What is expected - One exact copy of the listing is needed. It should contain no pictures.

Input data -
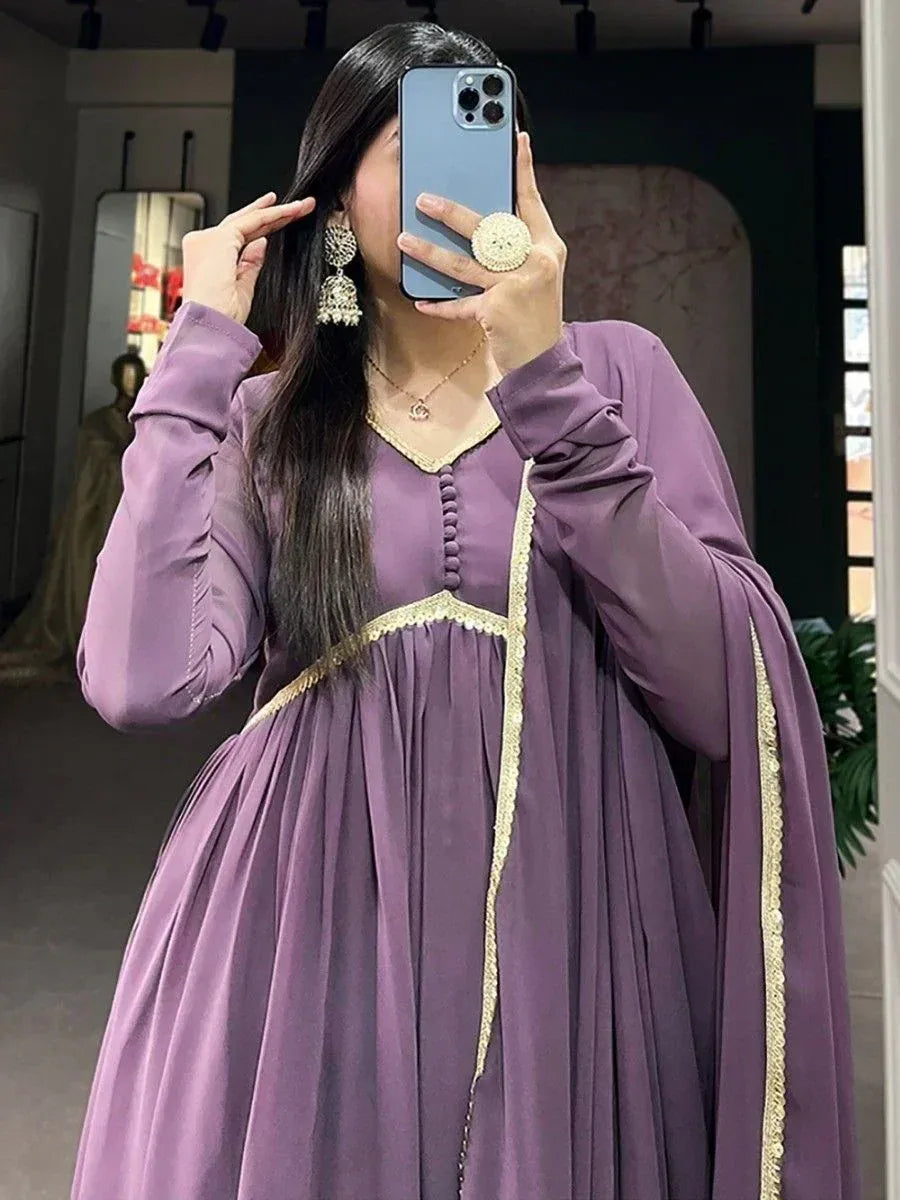 Purple ethnic gown with gold trim, long sleeves, and pleated skirt for women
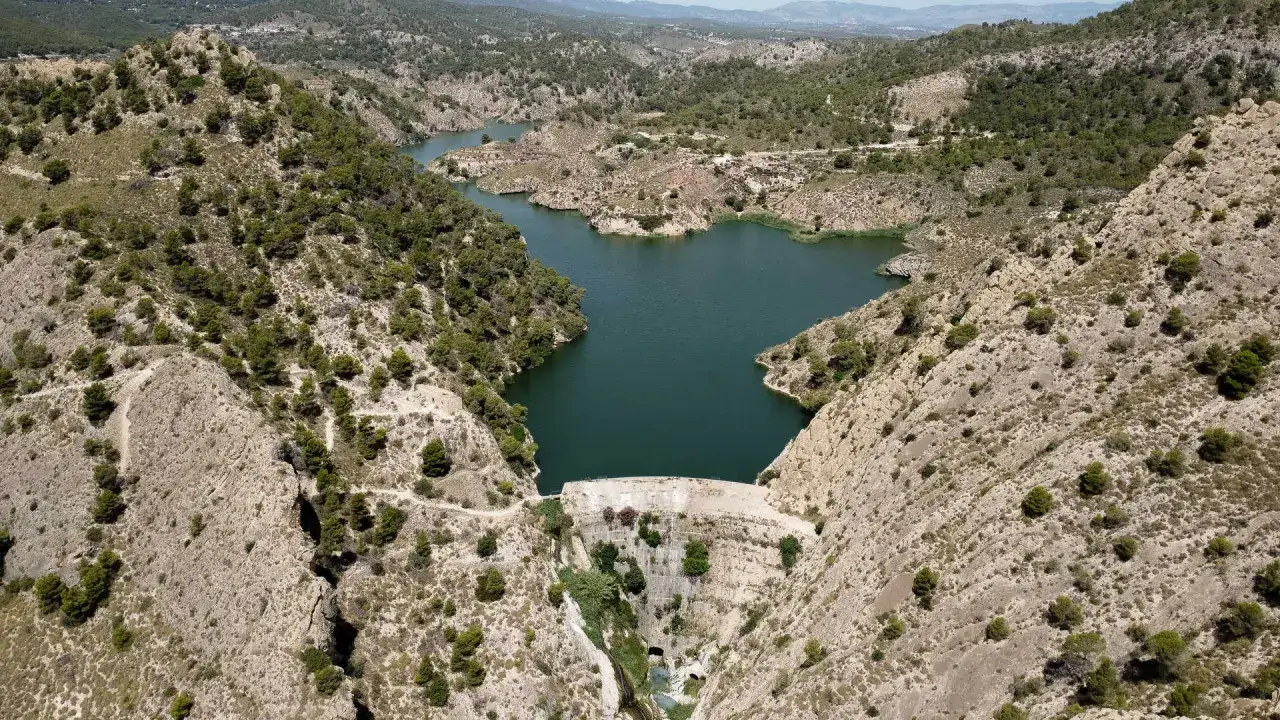 Vistas aéreas del pantano de Tibi, con su embalse de agua verde rodeado de colinas áridas y vegetación escasa.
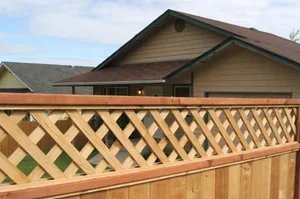 K&C Fence installed a lattice top wood privacy fence along a backyard property line in Nashville, Tennessee.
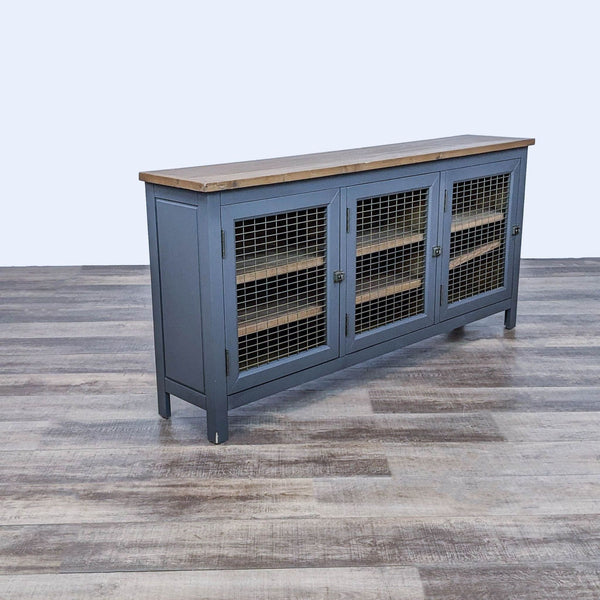 Industrial cabinet with mesh doors, wood top, and shelving by Reperch.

Answer to this task -
 Purple ethnic gown with gold trim, long sleeves, and pleated skirt for women
 Vistas aéreas del pantano de Tibi, con su embalse de agua verde rodeado de colinas áridas y vegetación escasa.
 K&C Fence installed a lattice top wood privacy fence along a backyard property line in Nashville, Tennessee.
 Industrial cabinet with mesh doors, wood top, and shelving by Reperch.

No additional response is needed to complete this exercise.